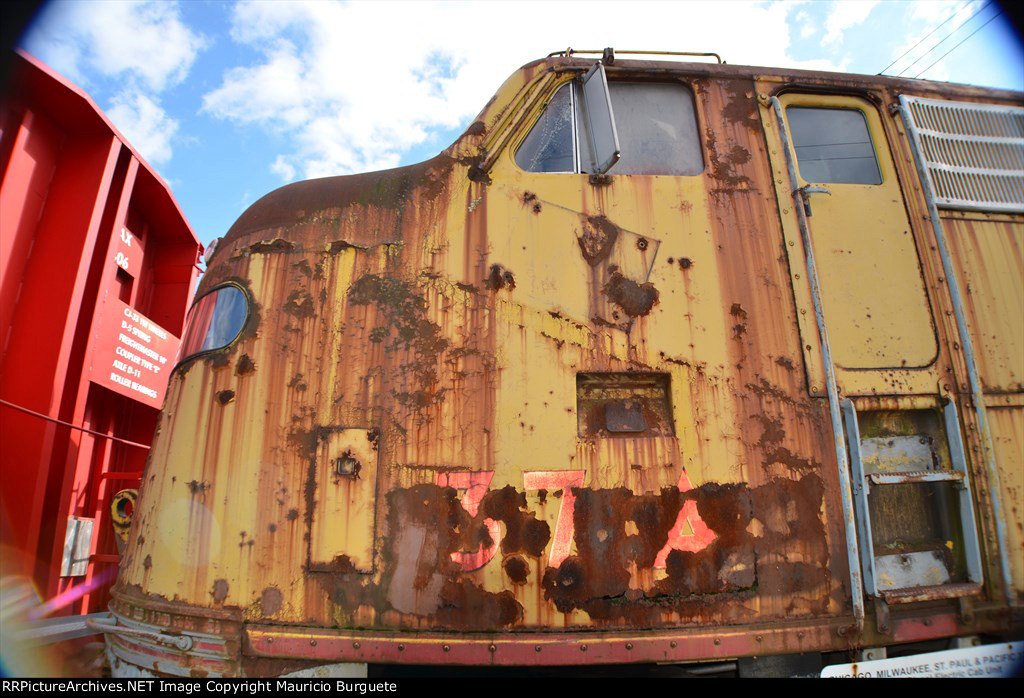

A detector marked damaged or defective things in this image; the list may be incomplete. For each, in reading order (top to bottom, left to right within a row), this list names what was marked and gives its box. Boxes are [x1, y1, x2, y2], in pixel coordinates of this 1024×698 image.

corroded metal surface [112, 54, 1024, 668]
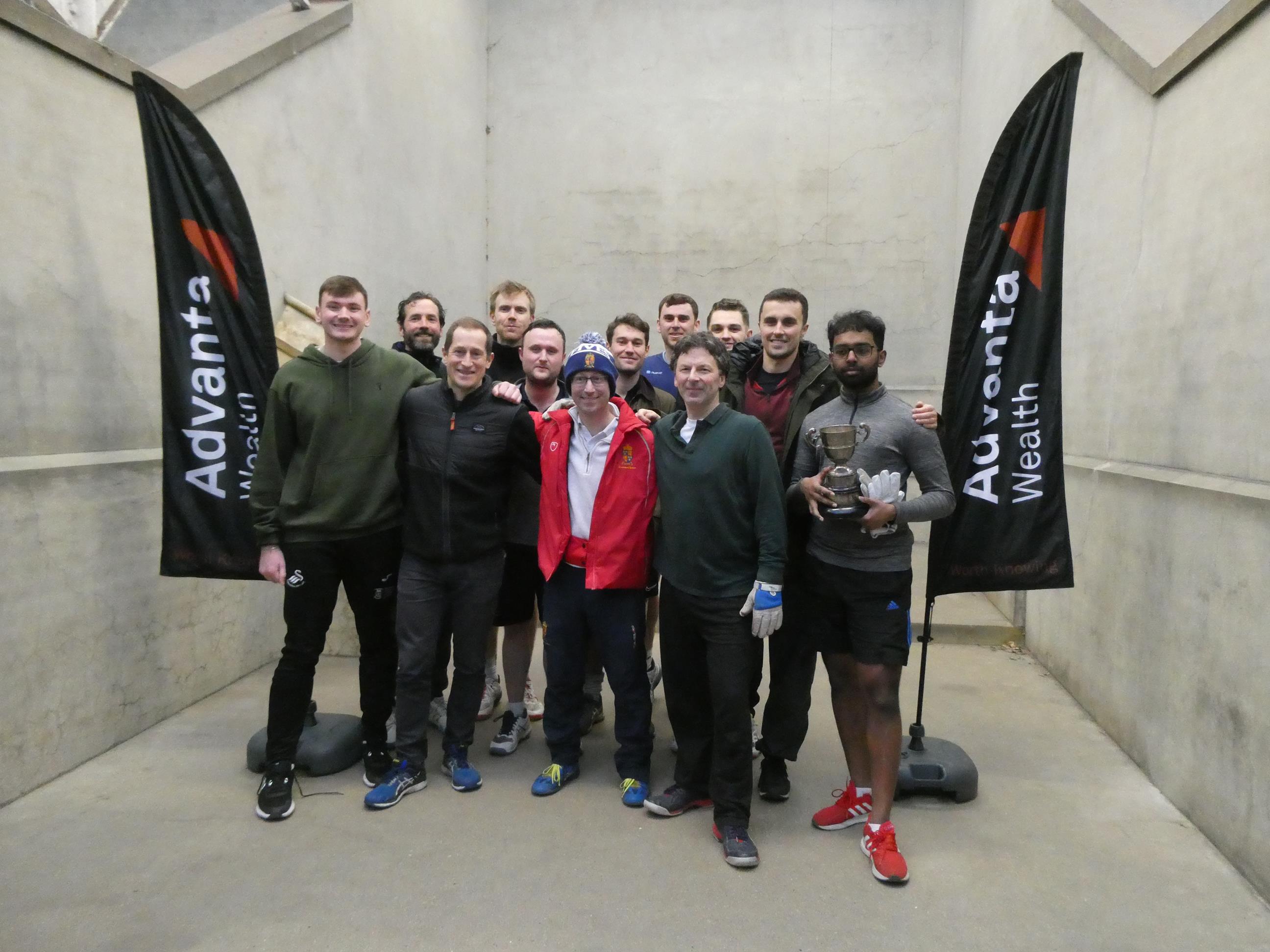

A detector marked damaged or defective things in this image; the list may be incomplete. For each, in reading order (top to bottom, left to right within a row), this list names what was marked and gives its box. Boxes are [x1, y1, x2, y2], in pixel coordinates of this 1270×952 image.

cracked concrete wall [0, 0, 485, 807]
cracked concrete wall [485, 0, 960, 388]
cracked concrete wall [960, 0, 1270, 899]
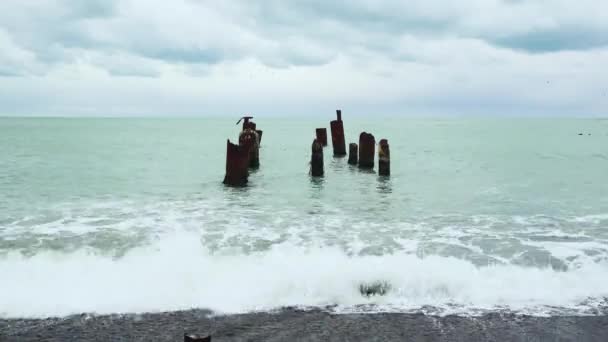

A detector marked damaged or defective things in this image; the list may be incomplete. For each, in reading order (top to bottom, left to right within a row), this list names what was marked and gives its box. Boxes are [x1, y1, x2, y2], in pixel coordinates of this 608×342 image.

rusty metal post [223, 140, 249, 187]
rusty metal post [238, 128, 258, 168]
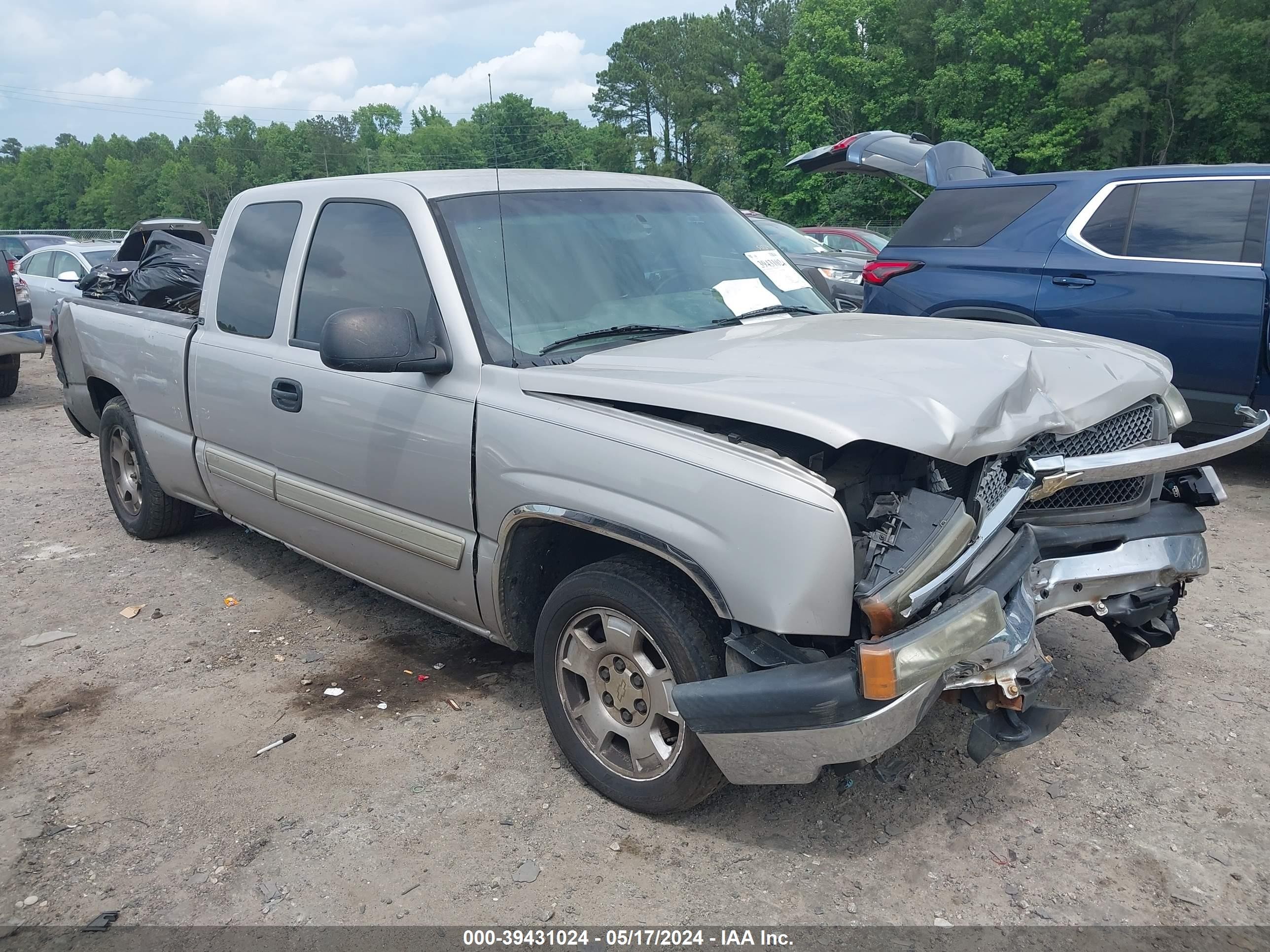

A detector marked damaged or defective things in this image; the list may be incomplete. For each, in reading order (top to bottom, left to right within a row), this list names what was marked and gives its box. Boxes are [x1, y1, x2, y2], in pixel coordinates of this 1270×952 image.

**Assignment**
Without including any images, output the data exactly as given.

**Task answer**
A detector marked damaged or defective things in this image; the list may be incomplete. For each, in reading order (top to bottom, left to right within a row), this list names what was marked and gives its box. Boxes are [x1, y1, x2, y2], in pixel coordinates of this 1024×698 image.

corroded metal surface [112, 54, 1024, 668]

A detector marked damaged or defective things in this image; the list may be incomplete. For each, in reading order (top to bottom, left to right within a row), this list names what was marked and gives its box. Boxes are [x1, y1, x2, y2], in pixel coordinates of this 1270×952 image.

cracked concrete wall [0, 0, 485, 807]
cracked concrete wall [485, 0, 960, 388]
cracked concrete wall [960, 0, 1270, 899]

A detector marked damaged or defective things in this image; the list may be incomplete. For each, in reading order (top to bottom, left to right within a row), this list names what was marked and gives its box. Boxes are [x1, y1, x2, y2], in pixel coordinates of this 608×342 image.

rusty metal post [223, 140, 249, 187]
rusty metal post [238, 128, 258, 168]

A detector marked damaged or defective things in this image; the list may be incomplete. For each, in reading order (top to bottom, left to right within a row), this list names what was marked and gives its box. Boxes are [x1, y1, x2, y2], in pixel coordinates of this 1270×952 image.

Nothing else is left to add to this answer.